• _WORK INSTRUCTION_:
The whole listing is to be printed again exactly.

• _DATASET_:
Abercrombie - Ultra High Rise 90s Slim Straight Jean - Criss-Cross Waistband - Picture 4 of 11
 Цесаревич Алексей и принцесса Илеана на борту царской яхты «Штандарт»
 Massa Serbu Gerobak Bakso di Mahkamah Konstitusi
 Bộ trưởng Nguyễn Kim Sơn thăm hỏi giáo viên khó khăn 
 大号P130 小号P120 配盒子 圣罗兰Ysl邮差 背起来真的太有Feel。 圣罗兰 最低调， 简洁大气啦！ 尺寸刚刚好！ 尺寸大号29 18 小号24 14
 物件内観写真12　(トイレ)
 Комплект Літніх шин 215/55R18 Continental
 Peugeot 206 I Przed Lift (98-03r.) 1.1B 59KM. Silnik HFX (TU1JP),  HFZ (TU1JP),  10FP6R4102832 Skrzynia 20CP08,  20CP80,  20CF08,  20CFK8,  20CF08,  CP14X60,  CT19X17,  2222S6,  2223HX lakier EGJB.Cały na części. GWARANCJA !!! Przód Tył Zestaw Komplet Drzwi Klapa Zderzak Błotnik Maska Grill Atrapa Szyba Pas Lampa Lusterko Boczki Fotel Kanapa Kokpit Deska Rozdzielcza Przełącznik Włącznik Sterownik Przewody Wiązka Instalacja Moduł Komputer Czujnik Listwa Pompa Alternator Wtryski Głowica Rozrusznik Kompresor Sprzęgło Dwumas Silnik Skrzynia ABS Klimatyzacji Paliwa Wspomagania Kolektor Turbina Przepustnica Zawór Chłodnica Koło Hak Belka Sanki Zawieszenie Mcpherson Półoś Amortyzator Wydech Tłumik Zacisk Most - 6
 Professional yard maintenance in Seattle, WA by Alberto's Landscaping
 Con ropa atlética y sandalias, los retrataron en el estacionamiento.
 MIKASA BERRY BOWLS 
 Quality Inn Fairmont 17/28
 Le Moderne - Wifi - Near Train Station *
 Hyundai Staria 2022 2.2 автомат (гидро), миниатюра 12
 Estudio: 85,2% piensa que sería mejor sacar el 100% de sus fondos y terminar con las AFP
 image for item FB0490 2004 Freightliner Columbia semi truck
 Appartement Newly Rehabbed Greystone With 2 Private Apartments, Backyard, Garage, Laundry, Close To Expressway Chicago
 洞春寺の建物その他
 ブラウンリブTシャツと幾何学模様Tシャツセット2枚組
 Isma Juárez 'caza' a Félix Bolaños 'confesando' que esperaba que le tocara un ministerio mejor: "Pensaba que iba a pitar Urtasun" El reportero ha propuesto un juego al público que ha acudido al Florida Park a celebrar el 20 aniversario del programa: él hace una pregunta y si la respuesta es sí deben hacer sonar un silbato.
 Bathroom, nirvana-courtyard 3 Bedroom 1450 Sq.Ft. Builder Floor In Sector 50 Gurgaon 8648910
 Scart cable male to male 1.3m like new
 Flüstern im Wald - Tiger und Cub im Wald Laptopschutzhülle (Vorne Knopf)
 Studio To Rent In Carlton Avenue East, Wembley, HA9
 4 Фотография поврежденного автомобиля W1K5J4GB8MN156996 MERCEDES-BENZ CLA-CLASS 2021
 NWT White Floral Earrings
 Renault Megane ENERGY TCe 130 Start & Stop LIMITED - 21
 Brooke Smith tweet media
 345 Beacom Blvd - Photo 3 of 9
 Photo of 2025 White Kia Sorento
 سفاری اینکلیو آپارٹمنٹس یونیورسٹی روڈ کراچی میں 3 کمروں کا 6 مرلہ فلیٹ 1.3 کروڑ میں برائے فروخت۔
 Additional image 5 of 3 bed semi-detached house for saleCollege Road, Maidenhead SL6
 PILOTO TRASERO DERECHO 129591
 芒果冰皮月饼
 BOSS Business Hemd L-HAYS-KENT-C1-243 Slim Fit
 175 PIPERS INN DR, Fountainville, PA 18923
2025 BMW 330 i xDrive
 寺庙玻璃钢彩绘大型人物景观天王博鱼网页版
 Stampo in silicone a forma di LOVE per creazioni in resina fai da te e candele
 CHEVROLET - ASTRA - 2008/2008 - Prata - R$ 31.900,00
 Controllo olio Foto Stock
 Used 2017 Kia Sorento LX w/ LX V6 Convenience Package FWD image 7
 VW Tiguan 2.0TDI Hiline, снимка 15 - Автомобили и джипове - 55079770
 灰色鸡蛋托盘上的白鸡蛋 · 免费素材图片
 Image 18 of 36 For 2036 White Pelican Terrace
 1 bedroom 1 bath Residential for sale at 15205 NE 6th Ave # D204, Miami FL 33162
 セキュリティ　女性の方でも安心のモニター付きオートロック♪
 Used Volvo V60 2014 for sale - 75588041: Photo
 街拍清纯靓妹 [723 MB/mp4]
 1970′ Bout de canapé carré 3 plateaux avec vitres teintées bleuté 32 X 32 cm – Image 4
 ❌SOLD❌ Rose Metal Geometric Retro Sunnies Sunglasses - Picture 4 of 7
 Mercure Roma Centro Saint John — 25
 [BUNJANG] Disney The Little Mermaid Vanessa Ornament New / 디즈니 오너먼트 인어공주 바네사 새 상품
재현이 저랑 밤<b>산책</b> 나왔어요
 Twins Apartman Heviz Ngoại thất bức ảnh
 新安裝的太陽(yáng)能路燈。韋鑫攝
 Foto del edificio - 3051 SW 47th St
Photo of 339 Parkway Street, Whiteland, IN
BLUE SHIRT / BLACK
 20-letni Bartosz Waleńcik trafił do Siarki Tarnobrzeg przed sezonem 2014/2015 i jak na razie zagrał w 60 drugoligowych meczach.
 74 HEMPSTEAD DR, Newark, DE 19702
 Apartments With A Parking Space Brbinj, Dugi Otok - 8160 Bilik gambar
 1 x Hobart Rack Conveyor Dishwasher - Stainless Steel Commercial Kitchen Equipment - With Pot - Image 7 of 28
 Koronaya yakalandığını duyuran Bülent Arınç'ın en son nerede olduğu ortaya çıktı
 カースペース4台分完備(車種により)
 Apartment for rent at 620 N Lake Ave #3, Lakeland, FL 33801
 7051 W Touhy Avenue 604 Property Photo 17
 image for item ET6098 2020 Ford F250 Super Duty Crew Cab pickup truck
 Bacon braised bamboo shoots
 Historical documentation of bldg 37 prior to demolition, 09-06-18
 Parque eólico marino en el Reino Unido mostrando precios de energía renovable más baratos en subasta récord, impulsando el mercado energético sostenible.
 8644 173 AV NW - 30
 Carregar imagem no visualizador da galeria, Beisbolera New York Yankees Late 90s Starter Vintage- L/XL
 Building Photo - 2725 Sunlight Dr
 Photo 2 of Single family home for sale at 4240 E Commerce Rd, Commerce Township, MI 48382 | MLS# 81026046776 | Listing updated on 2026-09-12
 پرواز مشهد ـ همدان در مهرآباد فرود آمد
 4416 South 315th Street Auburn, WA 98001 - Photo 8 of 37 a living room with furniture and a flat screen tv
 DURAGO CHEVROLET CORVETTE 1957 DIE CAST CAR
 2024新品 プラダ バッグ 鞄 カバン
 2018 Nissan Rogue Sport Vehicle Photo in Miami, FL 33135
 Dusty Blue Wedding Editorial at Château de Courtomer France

• _SOLVED EXERCISE_:
Abercrombie - Ultra High Rise 90s Slim Straight Jean - Criss-Cross Waistband - Picture 4 of 11
 Цесаревич Алексей и принцесса Илеана на борту царской яхты «Штандарт»
 Massa Serbu Gerobak Bakso di Mahkamah Konstitusi
 Bộ trưởng Nguyễn Kim Sơn thăm hỏi giáo viên khó khăn 
 大号P130 小号P120 配盒子 圣罗兰Ysl邮差 背起来真的太有Feel。 圣罗兰 最低调， 简洁大气啦！ 尺寸刚刚好！ 尺寸大号29 18 小号24 14
 物件内観写真12　(トイレ)
 Комплект Літніх шин 215/55R18 Continental
 Peugeot 206 I Przed Lift (98-03r.) 1.1B 59KM. Silnik HFX (TU1JP),  HFZ (TU1JP),  10FP6R4102832 Skrzynia 20CP08,  20CP80,  20CF08,  20CFK8,  20CF08,  CP14X60,  CT19X17,  2222S6,  2223HX lakier EGJB.Cały na części. GWARANCJA !!! Przód Tył Zestaw Komplet Drzwi Klapa Zderzak Błotnik Maska Grill Atrapa Szyba Pas Lampa Lusterko Boczki Fotel Kanapa Kokpit Deska Rozdzielcza Przełącznik Włącznik Sterownik Przewody Wiązka Instalacja Moduł Komputer Czujnik Listwa Pompa Alternator Wtryski Głowica Rozrusznik Kompresor Sprzęgło Dwumas Silnik Skrzynia ABS Klimatyzacji Paliwa Wspomagania Kolektor Turbina Przepustnica Zawór Chłodnica Koło Hak Belka Sanki Zawieszenie Mcpherson Półoś Amortyzator Wydech Tłumik Zacisk Most - 6
 Professional yard maintenance in Seattle, WA by Alberto's Landscaping
 Con ropa atlética y sandalias, los retrataron en el estacionamiento.
 MIKASA BERRY BOWLS 
 Quality Inn Fairmont 17/28
 Le Moderne - Wifi - Near Train Station *
 Hyundai Staria 2022 2.2 автомат (гидро), миниатюра 12
 Estudio: 85,2% piensa que sería mejor sacar el 100% de sus fondos y terminar con las AFP
 image for item FB0490 2004 Freightliner Columbia semi truck
 Appartement Newly Rehabbed Greystone With 2 Private Apartments, Backyard, Garage, Laundry, Close To Expressway Chicago
 洞春寺の建物その他
 ブラウンリブTシャツと幾何学模様Tシャツセット2枚組
 Isma Juárez 'caza' a Félix Bolaños 'confesando' que esperaba que le tocara un ministerio mejor: "Pensaba que iba a pitar Urtasun" El reportero ha propuesto un juego al público que ha acudido al Florida Park a celebrar el 20 aniversario del programa: él hace una pregunta y si la respuesta es sí deben hacer sonar un silbato.
 Bathroom, nirvana-courtyard 3 Bedroom 1450 Sq.Ft. Builder Floor In Sector 50 Gurgaon 8648910
 Scart cable male to male 1.3m like new
 Flüstern im Wald - Tiger und Cub im Wald Laptopschutzhülle (Vorne Knopf)
 Studio To Rent In Carlton Avenue East, Wembley, HA9
 4 Фотография поврежденного автомобиля W1K5J4GB8MN156996 MERCEDES-BENZ CLA-CLASS 2021
 NWT White Floral Earrings
 Renault Megane ENERGY TCe 130 Start & Stop LIMITED - 21
 Brooke Smith tweet media
 345 Beacom Blvd - Photo 3 of 9
 Photo of 2025 White Kia Sorento
 سفاری اینکلیو آپارٹمنٹس یونیورسٹی روڈ کراچی میں 3 کمروں کا 6 مرلہ فلیٹ 1.3 کروڑ میں برائے فروخت۔
 Additional image 5 of 3 bed semi-detached house for saleCollege Road, Maidenhead SL6
 PILOTO TRASERO DERECHO 129591
 芒果冰皮月饼
 BOSS Business Hemd L-HAYS-KENT-C1-243 Slim Fit
 175 PIPERS INN DR, Fountainville, PA 18923
2025 BMW 330 i xDrive
 寺庙玻璃钢彩绘大型人物景观天王博鱼网页版
 Stampo in silicone a forma di LOVE per creazioni in resina fai da te e candele
 CHEVROLET - ASTRA - 2008/2008 - Prata - R$ 31.900,00
 Controllo olio Foto Stock
 Used 2017 Kia Sorento LX w/ LX V6 Convenience Package FWD image 7
 VW Tiguan 2.0TDI Hiline, снимка 15 - Автомобили и джипове - 55079770
 灰色鸡蛋托盘上的白鸡蛋 · 免费素材图片
 Image 18 of 36 For 2036 White Pelican Terrace
 1 bedroom 1 bath Residential for sale at 15205 NE 6th Ave # D204, Miami FL 33162
 セキュリティ　女性の方でも安心のモニター付きオートロック♪
 Used Volvo V60 2014 for sale - 75588041: Photo
 街拍清纯靓妹 [723 MB/mp4]
 1970′ Bout de canapé carré 3 plateaux avec vitres teintées bleuté 32 X 32 cm – Image 4
 ❌SOLD❌ Rose Metal Geometric Retro Sunnies Sunglasses - Picture 4 of 7
 Mercure Roma Centro Saint John — 25
 [BUNJANG] Disney The Little Mermaid Vanessa Ornament New / 디즈니 오너먼트 인어공주 바네사 새 상품
재현이 저랑 밤<b>산책</b> 나왔어요
 Twins Apartman Heviz Ngoại thất bức ảnh
 新安裝的太陽(yáng)能路燈。韋鑫攝
 Foto del edificio - 3051 SW 47th St
Photo of 339 Parkway Street, Whiteland, IN
BLUE SHIRT / BLACK
 20-letni Bartosz Waleńcik trafił do Siarki Tarnobrzeg przed sezonem 2014/2015 i jak na razie zagrał w 60 drugoligowych meczach.
 74 HEMPSTEAD DR, Newark, DE 19702
 Apartments With A Parking Space Brbinj, Dugi Otok - 8160 Bilik gambar
 1 x Hobart Rack Conveyor Dishwasher - Stainless Steel Commercial Kitchen Equipment - With Pot - Image 7 of 28
 Koronaya yakalandığını duyuran Bülent Arınç'ın en son nerede olduğu ortaya çıktı
 カースペース4台分完備(車種により)
 Apartment for rent at 620 N Lake Ave #3, Lakeland, FL 33801
 7051 W Touhy Avenue 604 Property Photo 17
 image for item ET6098 2020 Ford F250 Super Duty Crew Cab pickup truck
 Bacon braised bamboo shoots
 Historical documentation of bldg 37 prior to demolition, 09-06-18
 Parque eólico marino en el Reino Unido mostrando precios de energía renovable más baratos en subasta récord, impulsando el mercado energético sostenible.
 8644 173 AV NW - 30
 Carregar imagem no visualizador da galeria, Beisbolera New York Yankees Late 90s Starter Vintage- L/XL
 Building Photo - 2725 Sunlight Dr
 Photo 2 of Single family home for sale at 4240 E Commerce Rd, Commerce Township, MI 48382 | MLS# 81026046776 | Listing updated on 2026-09-12
 پرواز مشهد ـ همدان در مهرآباد فرود آمد
 4416 South 315th Street Auburn, WA 98001 - Photo 8 of 37 a living room with furniture and a flat screen tv
 DURAGO CHEVROLET CORVETTE 1957 DIE CAST CAR
 2024新品 プラダ バッグ 鞄 カバン
 2018 Nissan Rogue Sport Vehicle Photo in Miami, FL 33135
 Dusty Blue Wedding Editorial at Château de Courtomer France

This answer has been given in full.